• **Problem description**
Use the entries below and reproduce exactly the lines from the one containing "Short de baño" down to the one containing "Bazény v akvaparku", both of them included.

---- Input for this task

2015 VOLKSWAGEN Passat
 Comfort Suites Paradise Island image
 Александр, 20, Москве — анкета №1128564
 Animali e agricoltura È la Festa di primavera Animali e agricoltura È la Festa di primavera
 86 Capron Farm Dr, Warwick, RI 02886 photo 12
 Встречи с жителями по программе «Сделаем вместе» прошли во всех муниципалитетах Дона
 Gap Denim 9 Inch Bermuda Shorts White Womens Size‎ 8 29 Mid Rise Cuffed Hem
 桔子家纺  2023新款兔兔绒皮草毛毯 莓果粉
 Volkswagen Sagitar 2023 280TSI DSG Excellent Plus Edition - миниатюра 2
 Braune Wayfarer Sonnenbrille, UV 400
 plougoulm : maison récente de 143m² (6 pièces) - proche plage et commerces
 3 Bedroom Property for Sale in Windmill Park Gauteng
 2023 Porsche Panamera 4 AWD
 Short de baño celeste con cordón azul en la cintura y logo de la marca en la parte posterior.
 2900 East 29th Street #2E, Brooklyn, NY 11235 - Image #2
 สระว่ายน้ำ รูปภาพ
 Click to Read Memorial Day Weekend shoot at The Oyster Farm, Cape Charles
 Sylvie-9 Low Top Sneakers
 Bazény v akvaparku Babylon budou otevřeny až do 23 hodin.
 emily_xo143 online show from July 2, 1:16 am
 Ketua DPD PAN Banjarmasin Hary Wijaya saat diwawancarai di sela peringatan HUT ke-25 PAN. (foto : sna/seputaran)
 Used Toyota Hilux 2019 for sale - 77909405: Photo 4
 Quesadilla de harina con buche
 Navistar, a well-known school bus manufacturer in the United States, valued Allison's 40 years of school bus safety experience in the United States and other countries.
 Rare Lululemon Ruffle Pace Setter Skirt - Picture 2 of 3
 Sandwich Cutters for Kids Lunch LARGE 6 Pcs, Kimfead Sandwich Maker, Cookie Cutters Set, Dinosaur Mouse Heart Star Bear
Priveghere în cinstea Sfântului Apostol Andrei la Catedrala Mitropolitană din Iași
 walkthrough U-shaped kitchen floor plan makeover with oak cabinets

--------

• **Reply to the task**
 Short de baño celeste con cordón azul en la cintura y logo de la marca en la parte posterior.
 2900 East 29th Street #2E, Brooklyn, NY 11235 - Image #2
 สระว่ายน้ำ รูปภาพ
 Click to Read Memorial Day Weekend shoot at The Oyster Farm, Cape Charles
 Sylvie-9 Low Top Sneakers
 Bazény v akvaparku Babylon budou otevřeny až do 23 hodin.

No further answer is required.